» **Provided information**
- - - -
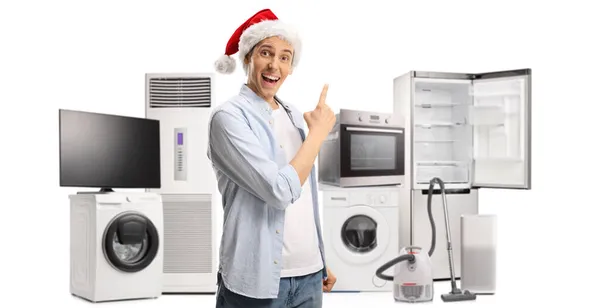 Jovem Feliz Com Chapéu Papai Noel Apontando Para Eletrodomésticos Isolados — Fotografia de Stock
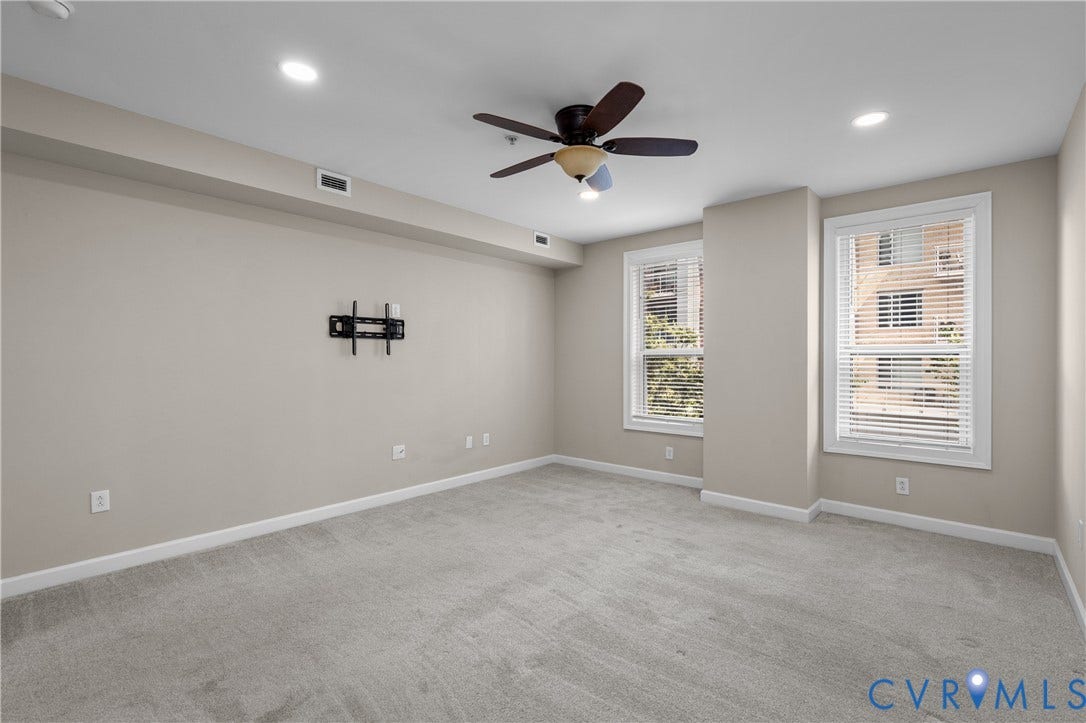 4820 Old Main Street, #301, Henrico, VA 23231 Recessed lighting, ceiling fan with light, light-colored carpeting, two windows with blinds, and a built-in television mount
- - - -
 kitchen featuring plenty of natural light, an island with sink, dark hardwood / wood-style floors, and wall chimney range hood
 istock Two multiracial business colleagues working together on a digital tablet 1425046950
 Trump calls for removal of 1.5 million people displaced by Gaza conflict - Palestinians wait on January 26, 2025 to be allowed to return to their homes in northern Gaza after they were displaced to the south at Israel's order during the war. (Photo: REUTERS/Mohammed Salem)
- - - -
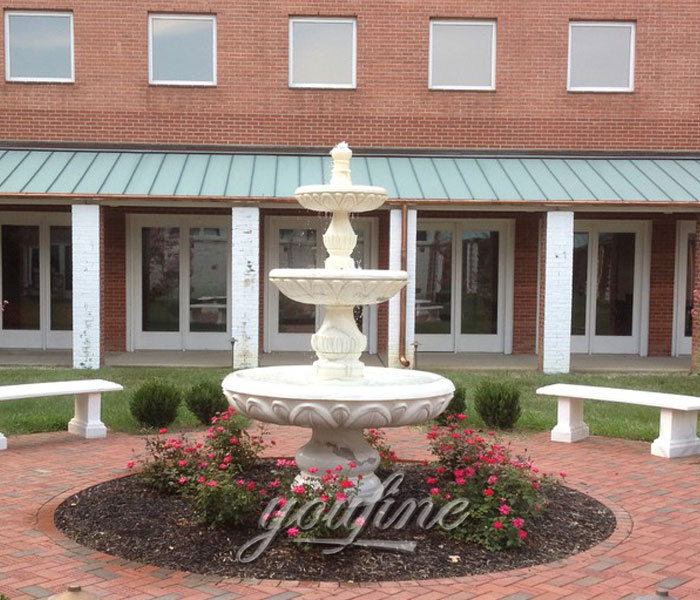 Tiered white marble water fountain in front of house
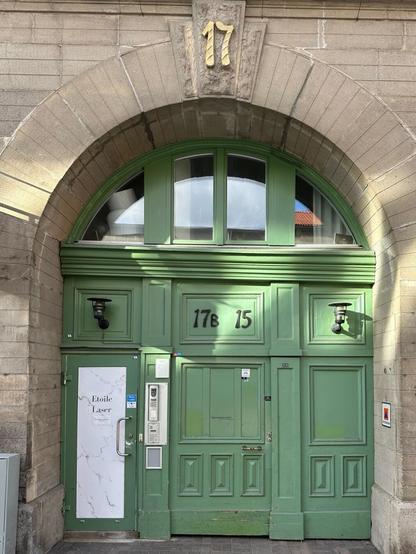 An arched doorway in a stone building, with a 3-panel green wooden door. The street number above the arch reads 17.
- - - -
» **What is required**
Starting at the line containing "Jovem Feliz Com" and finishing at the line containing "4820 Old Main", return those lines exactly as they appear above, without the pictures.

» **Answer area**
 Jovem Feliz Com Chapéu Papai Noel Apontando Para Eletrodomésticos Isolados — Fotografia de Stock
 4820 Old Main Street, #301, Henrico, VA 23231 Recessed lighting, ceiling fan with light, light-colored carpeting, two windows with blinds, and a built-in television mount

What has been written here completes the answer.